Sriram pleaded, ‘Don’t. Please tell Bapu …’

Bharati looked at him with wonder. ‘After all these months of association and work, how can you speak like this? How can we do anything other than what Bapuji asks us to do?’

Sriram had no cogent answer to give. He hung down his head. For the moment he seemed to have forgotten that he was a soldier in the struggle for freedom.

She said resolutely, ‘I ought to be there already. I am reporting to the police station at …’

‘How long will they keep you in gaol?’ he asked pathetically.

‘How can I say?’ she replied. ‘Are you coming too?’

He said, ‘Not now. I want to think it over. But I will readily come if they will keep me in the same prison, preferably in the same cell.’

‘It won’t be possible, the government won’t keep us together,’ she said.

This enraged Sriram. The whole universe seemed to be organized to defeat his purpose, even the government which differed from the Mahatma on most matters seemed to be in accord with him where it concerned him and Bharati. The worst of it was that Bharati herself seemed to rejoice in the arrangement. He became wild at the thought and said, ‘Why is everyone opposed to my loving you?’

She took pity on him and said tenderly, ‘Poor fool. You have lost your wits completely.’

‘How dare you say that?’ he shouted.

‘There is no point in your shouting,’ she said. ‘Don’t let us quarrel.

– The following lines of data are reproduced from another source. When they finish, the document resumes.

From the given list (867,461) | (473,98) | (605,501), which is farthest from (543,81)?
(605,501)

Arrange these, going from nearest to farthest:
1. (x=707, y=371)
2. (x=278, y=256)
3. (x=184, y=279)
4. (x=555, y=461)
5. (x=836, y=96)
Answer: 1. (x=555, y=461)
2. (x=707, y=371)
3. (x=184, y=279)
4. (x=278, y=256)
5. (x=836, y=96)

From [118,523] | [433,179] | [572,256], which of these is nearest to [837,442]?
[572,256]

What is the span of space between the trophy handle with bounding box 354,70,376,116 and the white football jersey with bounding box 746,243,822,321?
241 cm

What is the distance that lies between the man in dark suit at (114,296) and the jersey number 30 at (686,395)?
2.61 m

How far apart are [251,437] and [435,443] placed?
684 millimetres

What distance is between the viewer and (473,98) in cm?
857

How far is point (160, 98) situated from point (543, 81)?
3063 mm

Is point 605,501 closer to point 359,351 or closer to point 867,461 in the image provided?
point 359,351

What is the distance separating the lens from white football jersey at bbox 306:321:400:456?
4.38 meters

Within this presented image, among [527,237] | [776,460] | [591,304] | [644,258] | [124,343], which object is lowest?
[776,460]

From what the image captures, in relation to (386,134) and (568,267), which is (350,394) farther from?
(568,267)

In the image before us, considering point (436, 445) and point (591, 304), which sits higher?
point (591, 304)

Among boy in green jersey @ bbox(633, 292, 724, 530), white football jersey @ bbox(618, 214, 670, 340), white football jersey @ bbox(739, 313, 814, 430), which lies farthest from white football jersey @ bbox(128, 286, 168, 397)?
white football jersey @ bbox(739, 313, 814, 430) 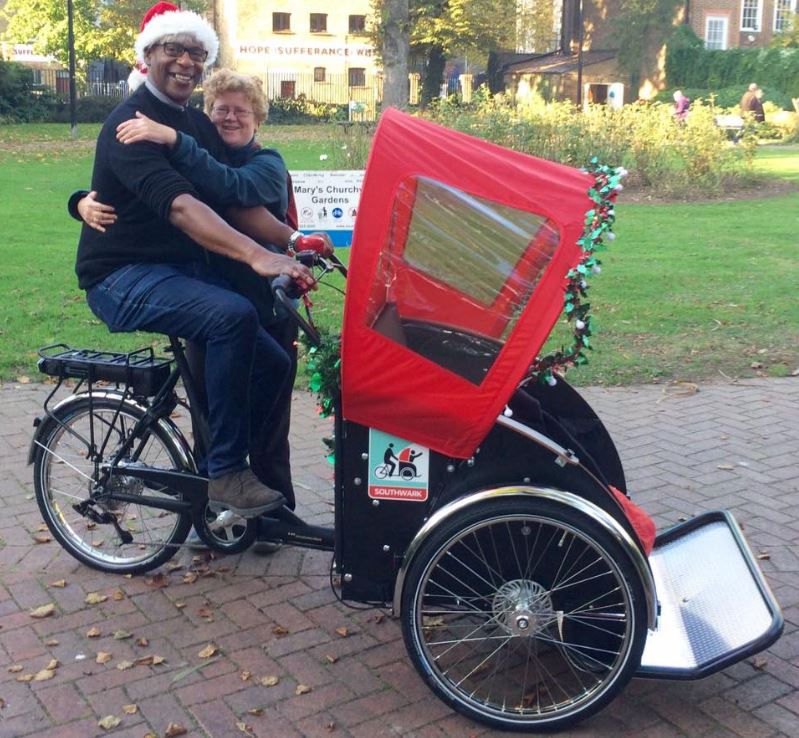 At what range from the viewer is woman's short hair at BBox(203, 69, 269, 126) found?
421cm

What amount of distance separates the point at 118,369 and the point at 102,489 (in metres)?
0.51

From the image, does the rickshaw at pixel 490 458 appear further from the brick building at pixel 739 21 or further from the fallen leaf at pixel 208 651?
the brick building at pixel 739 21

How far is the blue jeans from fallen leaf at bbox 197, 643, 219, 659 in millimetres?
623

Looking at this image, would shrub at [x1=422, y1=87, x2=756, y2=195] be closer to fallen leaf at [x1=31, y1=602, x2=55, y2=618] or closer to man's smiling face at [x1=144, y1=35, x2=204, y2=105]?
man's smiling face at [x1=144, y1=35, x2=204, y2=105]

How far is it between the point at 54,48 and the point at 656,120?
36847 mm

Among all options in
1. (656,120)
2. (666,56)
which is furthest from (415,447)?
(666,56)

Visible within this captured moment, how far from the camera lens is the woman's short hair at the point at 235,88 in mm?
4207

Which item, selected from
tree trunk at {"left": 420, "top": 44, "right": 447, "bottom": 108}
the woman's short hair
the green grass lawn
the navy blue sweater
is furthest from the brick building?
the navy blue sweater

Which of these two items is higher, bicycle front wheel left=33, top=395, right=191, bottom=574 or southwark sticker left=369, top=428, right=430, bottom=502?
southwark sticker left=369, top=428, right=430, bottom=502

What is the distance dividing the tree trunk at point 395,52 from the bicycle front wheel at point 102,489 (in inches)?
959

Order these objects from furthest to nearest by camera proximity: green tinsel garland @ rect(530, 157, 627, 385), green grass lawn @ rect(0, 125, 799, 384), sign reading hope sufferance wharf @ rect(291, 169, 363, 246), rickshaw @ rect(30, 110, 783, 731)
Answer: green grass lawn @ rect(0, 125, 799, 384) → sign reading hope sufferance wharf @ rect(291, 169, 363, 246) → rickshaw @ rect(30, 110, 783, 731) → green tinsel garland @ rect(530, 157, 627, 385)

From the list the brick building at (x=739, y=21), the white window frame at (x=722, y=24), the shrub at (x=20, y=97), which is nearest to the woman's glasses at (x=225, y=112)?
the shrub at (x=20, y=97)

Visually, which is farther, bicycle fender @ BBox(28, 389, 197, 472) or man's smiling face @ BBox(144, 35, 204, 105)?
bicycle fender @ BBox(28, 389, 197, 472)

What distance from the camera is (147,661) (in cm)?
368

I will be gone in a moment … I want to report myself before it strikes four. If they want to send me to the Central or some other gaol they must have time to catch the evening train.’

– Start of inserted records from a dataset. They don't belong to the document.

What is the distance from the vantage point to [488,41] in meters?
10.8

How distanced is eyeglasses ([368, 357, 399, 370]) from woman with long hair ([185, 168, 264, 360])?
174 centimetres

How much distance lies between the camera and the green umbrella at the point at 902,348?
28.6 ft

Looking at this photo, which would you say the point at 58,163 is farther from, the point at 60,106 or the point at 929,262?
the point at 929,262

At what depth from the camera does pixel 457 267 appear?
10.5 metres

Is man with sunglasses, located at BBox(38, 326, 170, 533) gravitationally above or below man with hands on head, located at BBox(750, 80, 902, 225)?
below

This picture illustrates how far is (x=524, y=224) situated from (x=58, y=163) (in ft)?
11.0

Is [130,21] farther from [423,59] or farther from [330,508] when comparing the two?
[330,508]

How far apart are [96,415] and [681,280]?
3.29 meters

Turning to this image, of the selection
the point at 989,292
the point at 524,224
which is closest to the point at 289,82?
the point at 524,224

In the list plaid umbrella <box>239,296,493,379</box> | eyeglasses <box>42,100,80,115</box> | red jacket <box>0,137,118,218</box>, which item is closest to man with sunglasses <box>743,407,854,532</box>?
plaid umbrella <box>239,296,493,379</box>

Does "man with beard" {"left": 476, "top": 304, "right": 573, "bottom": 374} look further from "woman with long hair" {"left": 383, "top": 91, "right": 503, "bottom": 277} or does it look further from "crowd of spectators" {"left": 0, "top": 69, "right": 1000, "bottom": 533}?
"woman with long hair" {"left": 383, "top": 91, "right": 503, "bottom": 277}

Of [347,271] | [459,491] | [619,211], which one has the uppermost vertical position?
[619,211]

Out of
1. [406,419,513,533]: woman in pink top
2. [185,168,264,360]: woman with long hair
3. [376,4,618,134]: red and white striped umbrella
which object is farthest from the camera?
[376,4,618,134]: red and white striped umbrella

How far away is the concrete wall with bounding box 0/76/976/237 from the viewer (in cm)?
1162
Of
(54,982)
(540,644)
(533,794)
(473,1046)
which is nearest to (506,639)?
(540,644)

‘What shall I do without you?’ he wailed.

‘That is why Bapu has asked you to report too.’

He shook his head. ‘I have a lot of things to do outside … Bapu has given everyone freedom to carry on the
Satyagraha
in his own manner. He doesn’t really mean me,’ he said dolefully.

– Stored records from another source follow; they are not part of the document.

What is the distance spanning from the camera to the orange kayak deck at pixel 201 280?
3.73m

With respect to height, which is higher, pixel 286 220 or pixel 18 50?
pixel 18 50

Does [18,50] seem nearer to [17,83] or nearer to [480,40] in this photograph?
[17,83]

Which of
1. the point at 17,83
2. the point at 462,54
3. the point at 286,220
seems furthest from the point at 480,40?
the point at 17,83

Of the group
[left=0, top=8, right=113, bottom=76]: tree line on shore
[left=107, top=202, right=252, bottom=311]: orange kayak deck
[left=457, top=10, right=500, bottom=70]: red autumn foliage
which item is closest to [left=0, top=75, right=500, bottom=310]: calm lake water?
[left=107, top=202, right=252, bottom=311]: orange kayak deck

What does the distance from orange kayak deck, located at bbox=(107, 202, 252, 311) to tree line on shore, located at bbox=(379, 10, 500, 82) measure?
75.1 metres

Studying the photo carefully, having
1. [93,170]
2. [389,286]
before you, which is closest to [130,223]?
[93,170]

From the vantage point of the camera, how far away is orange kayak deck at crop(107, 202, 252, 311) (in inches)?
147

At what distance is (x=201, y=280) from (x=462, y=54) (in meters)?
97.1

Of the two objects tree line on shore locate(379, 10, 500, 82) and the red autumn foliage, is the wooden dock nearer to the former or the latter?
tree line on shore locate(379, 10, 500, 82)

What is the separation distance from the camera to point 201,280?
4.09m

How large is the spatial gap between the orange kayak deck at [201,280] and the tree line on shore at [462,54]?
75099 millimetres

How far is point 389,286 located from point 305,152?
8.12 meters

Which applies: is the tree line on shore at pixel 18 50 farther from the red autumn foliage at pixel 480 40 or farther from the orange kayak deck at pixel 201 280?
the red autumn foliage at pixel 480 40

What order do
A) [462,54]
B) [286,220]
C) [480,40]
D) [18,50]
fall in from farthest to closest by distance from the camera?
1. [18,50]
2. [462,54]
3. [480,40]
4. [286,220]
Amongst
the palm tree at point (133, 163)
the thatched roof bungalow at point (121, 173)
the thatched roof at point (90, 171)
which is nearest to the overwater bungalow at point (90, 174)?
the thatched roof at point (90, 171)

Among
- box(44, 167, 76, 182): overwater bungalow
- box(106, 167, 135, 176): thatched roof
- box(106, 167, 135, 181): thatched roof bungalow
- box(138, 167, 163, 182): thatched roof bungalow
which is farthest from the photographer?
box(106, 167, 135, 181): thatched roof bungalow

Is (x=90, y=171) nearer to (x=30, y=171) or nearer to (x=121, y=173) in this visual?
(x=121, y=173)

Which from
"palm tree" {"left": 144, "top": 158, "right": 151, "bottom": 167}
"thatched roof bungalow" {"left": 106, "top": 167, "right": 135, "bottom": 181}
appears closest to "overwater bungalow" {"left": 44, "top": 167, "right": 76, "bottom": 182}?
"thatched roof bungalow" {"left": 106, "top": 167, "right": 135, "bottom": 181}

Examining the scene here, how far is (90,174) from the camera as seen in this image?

In answer Bharati seized the letter and held it open under his nose. ‘“This applies to your disciple also,” he says.’

‘But that doesn’t mean me. It may mean anyone,’ said Sriram.

‘I thought he always understood whom he meant by “disciple”,’ she said grimly. ‘Anyway the choice is yours. You may do what you think best. I am doing what seems to me the right thing to do.’

‘How do you know it is the right thing to do?’

‘I need not answer that question,’ she said irritated. ‘If I had known that you would treat Bapuji’s word so lightly –’

Sriram felt crushed by her tone. ‘Oh, Bharati, don’t add to my troubles by mistaking me so completely. I revere the Mahatma, you know I do. Why do you suspect me? Have I not followed every word of what he has been saying? … Otherwise I should not have been here. I should not have left the comfort of my house. All that I want is some more time to think it over. I am …’ he brought out his masterpiece on an inspiration. ‘I am only thinking of my grandmother. I want to see her before I am finally gaoled. That is why I asked you how long we should be in prison. She is very old, you know. I will surrender myself after I have seen her once. I must manage to see her.’

This idea seemed to soften the girl. She thought it over, leaning back on the tablet. She seemed to appreciate his tender feelings for his grandmother.

‘That is all right, Sriram. I am sorry I mistook you.’ He wanted to touch her arm, but he felt afraid to do so. She would surely say, ‘Keep off, not until,’ and that would irritate him again and make him speak nonsense.

She got up. He asked, ‘Must you go?’

‘Yes, it is late for me.’

He followed her sheepishly, ‘When we meet again after the gaol, and wherever we may meet … will you not forget me?’

‘I will not forget you,’ she said, catching her breath ever so lightly.

He loved her as she drew herself up, more than at any other time in his life, but he also felt afraid of her more than at any other time. He simply said, ‘If you will not be angry with me, Bharati, I wish to ask one thing.’